Wow, it’s been a goodly long while since the first (and only) cob wood shed post. Much has happened since then, including the finishing of the cob walls and the reciprocal roof frame, but here’s a few older photos of things in the works.

Half of the walls of the shed were built with the recycled cob that was left from destroying the cob bed and bench in the house! We jammed in lots and lots of rubble along the way, too. The shed has two east-facing windows, and five ventilation boxes. Three of the boxes were installed low in the walls on the north, east, and west sides, and two higher up to promote air circulation throughout the building. We live in a humid climate and mold and mildew is a concern here. Hopefully these vents will help with that. They should help to keep wood dry, as well.


Low ventilation opening right above urbanite foundation

The walls are pretty thin, certainly less than a foot, not sure exactly how wide, but they taper a tiny bit at the top to be even thinner, perhaps 5-6 inches.

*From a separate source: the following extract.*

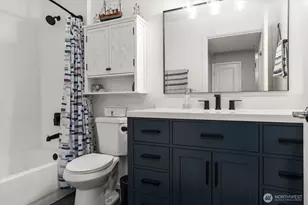 15150 140th Way SE, Renton, WA 98058 - Photo 25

It’s been fun to think about the different uses of the building throughout the construction process, but I keep reminding myself that trying to do too much with a single space usually results in a building that doesn’t do any one thing really well. So really, this is a wood shed, with a small amount of storage space. It’s interesting to think that it could be a little guest house, but it’s unlikely that function could be served well if it truly is a wood shed. Maybe if we decide to build an entirely different shed somewhere else, although we hardly have any room for one.

April and I knew that we wanted some kind of porch roof to extend over the entryway, but when it came down to it, we realized a large covered area off the front of the building would be impractical and cut into the open workspace on our leasehold. So we scrapped that idea and instead decided on a very small roof over the entryway. It’s mostly for aesthetics, but it keeps weather away from the door, and gives us a small space to hang tools, and perhaps garlic, herbs, etc. from, too. This was really fun to build, actually. The picture below is from before the rafters went on, by the way.


The mini porch roof

There are two posts, both black locust, sunk into a hole two feet deep into the ground. The beam above is an osage branch, appropriately curved. I did a sort of lame non-timber framing sort of connection between the two: basically the bottom of the osage beam is flattened on either end (and not well, at that), and then the beam is spiked into the posts with a giant spiral shank nail on either end. It’s certainly solid, but the awkwardness of the curved beam caused me a little bit of difficulty. I then cut in a bit on either post and sent a heavy duty (and well-aged) 2×4 down from the wall to the post and nailed it in place. Once those 2x4s were cobbed in, they felt super solid.